FIGS. 11A to 11C are diagrams illustrating examples of the relationship between the occurrences of clusters and an index on a histogram, where p=0.1. The histogram is the same as in the cases of the number of occurrences in clusters illustrated in FIGS. 9A to 9C. While the same value is output in the examples of FIG. 9B and FIG. 9C, different values of the p-order norm are output in the examples of FIG. 11B and FIG. 11C. Thus, it is found that the robustness against noise is increased.

[Example of Determination of Active States]

FIGS. 12A to 12C are diagrams illustrating an example of determination of active states, and, in the diagrams, time is assumed to pass in the lateral direction, from left to right. It is assumed that, as illustrated in FIG. 12A, the watched user is in states of sleeping->absence->sleeping and rain falls in the first half of the absence.

FIG. 12B illustrates changes in the index to the variety of sounds using the p-order norm, and active states are detected at the time points at which the index exceeds a given threshold (wake-up, returning home, entering room, going to the bathroom, wake-up). Note that, for the case using the number of types of clusters in which occurrences are present, changes in the index are similar although noise sounds slightly affect the changes.

FIG. 12C illustrates changes in the number of feature sounds determined as activity sounds based on the frequencies within a given time, for the purpose of comparison. Although active states, such as returning home and entering room, are accurately detected, the sounds of rain are determined as activity sounds in the time zone of rain, resulting in a high activity index. Therefore, an active state is highly likely to be detected by mistake although the watched user is absent. In this regard, in FIG. 12B, the index is maintained to be low in the time zone of rain, and the index is high at points at which an activity, such as returning home or entering room, is to be detected.
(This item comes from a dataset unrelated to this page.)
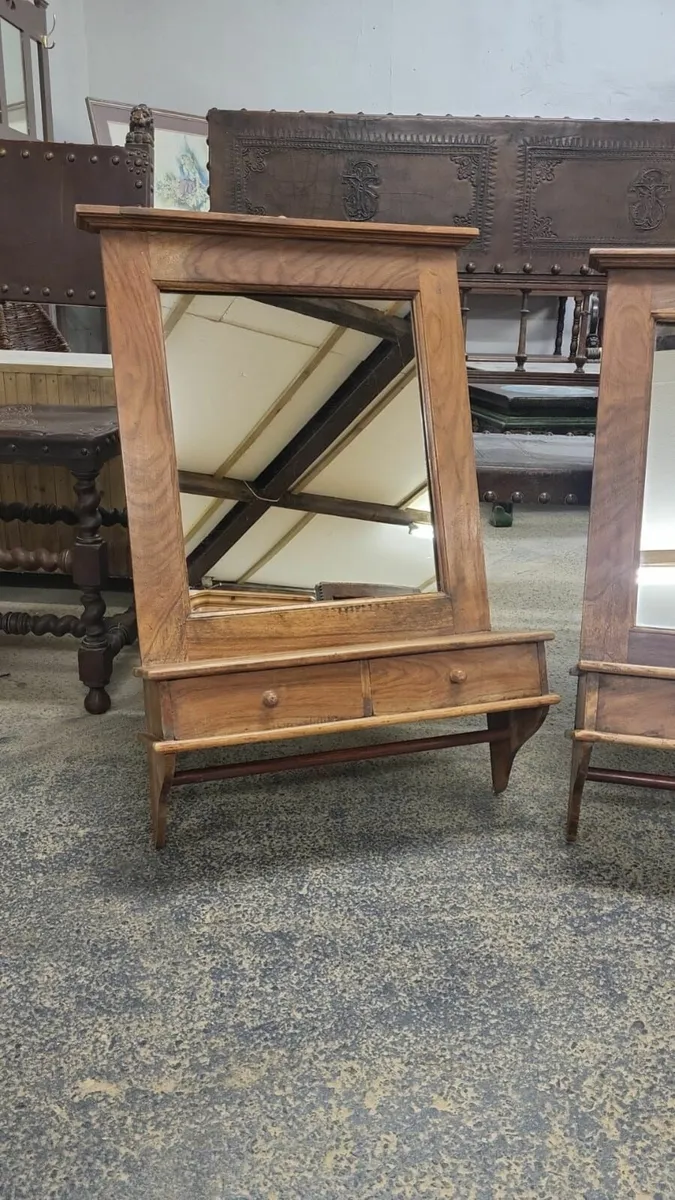 Indian rosewood wall hanging mirror with drawers - Image 1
Thus, it is found that activities are able to be robustly detected.

<Recapitulation>

As described above, according to the present embodiment, it is possible to improve the accuracy in determination of active states of a person in a space in which the person is likely to be present.

As discussed above, description has been given by way of an embodiment. Although description has been given here with particular examples, it will be apparent to those skilled in the art that various modifications and changes may be made to these examples without departing from the broad spirit and scope defined in the claims. That is, the present disclosure is not to be construed as limited to the details of the particular examples or the accompanying drawings.

The everyday life sound input unit 102 is an example of an "acquisition unit". The sound feature calculation unit 104 is an example of an "extraction unit". The sound cluster matching unit 111 is an example of an "identification unit". The histogram calculation unit 112 and the variety index calculation unit 113 are an example of a "counting unit". The active or inactive state determination unit 114 is an example of a "determination unit". The active state output unit 116 is an example of a "notification unit".

All examples and conditional language recited herein are intended for pedagogical purposes to aid the reader in understanding the invention and the concepts contributed by the inventor to furthering the art, and are to be construed as being without limitation to such specifically recited examples and conditions, nor does the organization of such examples in the specification relate to a showing of the superiority and inferiority of the invention. Although the embodiment of the present invention has been described in detail, it should be understood that the various changes, substitutions, and alterations could be made hereto without departing from the spirit and scope of the invention.